Alla fine di gennaio 2013 la società ha presentato al Ministero dell'Ambiente il rapporto sullo stato di avanzamento dei lavori di risanamento imposti dalle prescrizioni e secondo il rapporto trimestrale Aia del Ministero dell'Ambiente non risultano inadempienze dell'azienda che ha chiesto solo una variazione della tempistica della copertura dei nastri. Si può ancora porre rimedio al disastro ambientale e sanitario?

"Posso ricordare un precedente molto istruttivo. La prima sentenza della magistratura sull'inquinamento derivante dai parchi minerali del centro siderurgico risale al 1982. I vertici dell'allora Italsider furono condannati.
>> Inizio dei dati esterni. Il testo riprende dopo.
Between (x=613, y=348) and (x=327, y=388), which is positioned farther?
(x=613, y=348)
Un anno dopo, nel 1983, il direttore dello stabilimento ipotizzò di costruire un muro alto venti metri che dividesse la fabbrica dal rione Tamburi ed evitasse che le polveri finissero nelle case del quartiere. Ovviamente il progetto fu abbandonato. Era una stupidaggine. Ma i parchi minerali, quasi settanta ettari con montagne di carbone alte quindici metri, erano un problema già allora. Sono passati trent'anni. L'Aia, l'autorizzazione integrata ambientale, dà ora all'Ilva tre anni di tempo per coprire i parchi minerali. Se l'opera sarà conclusa, ci saranno voluti, dalla prima sentenza a oggi, trentatré anni. Trentatré anni per coprire i parchi minerali. La città di Brasilia, mi ha ricordato il sociologo Domenico De Masi, fu costruita in quattro anni".
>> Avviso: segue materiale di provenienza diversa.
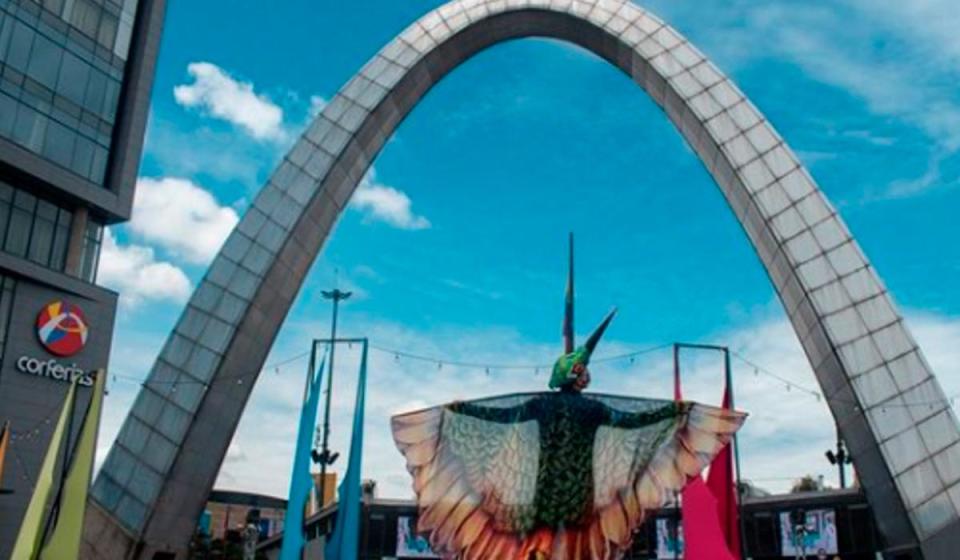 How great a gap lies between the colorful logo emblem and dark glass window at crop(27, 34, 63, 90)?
800cm

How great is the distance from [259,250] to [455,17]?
11.3m

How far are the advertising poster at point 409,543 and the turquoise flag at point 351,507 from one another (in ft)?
81.4

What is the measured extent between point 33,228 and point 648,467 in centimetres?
2256

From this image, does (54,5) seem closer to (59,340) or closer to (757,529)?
(59,340)

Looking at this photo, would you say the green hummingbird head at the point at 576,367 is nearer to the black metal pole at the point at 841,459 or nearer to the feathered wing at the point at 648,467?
the feathered wing at the point at 648,467

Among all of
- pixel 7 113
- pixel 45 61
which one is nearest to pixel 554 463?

Brindisi come Taranto. Esiste un'alternativa di sviluppo economico in Puglia attualmente?

"Le alternative si costruiscono con lungimiranza. In giro, non ne vedo. Certamente non può esistere nessuna economia che possa cancellare l'industria, ma è impensabile che si possa immaginare l'industria nel modo in cui fu ideata e costruita mezzo secolo fa. Qui pensiamo che questa industria resterà così com'è per secoli. Siamo matti. La Puglia che opportunamente investe su turismo, gastronomia, sul mare e sul suo stupendo entroterra, ha lasciato a Taranto il compito di produrre dieci milioni di tonnellate di acciaio l'anno, il 30 per cento dell'acciaio prodotto in Italia. Quando il governo ci ricorda che Taranto con l'Ilva rappresenta otto miliardi del Pil italiano ci dà la dimensione di come questa terra sia fondamentale per tutti. E quando l'Ilva ricorda ai tarantini che l'acciaieria rappresenta il 75 per cento del prodotto interno lordo di Taranto possiamo avere la dimensione di come, in questo ultimo mezzo secolo, si sia costruita un'economia poggiata su un'industria senza la quale una importante città del Sud torna al punto di partenza: agli anni Cinquanta".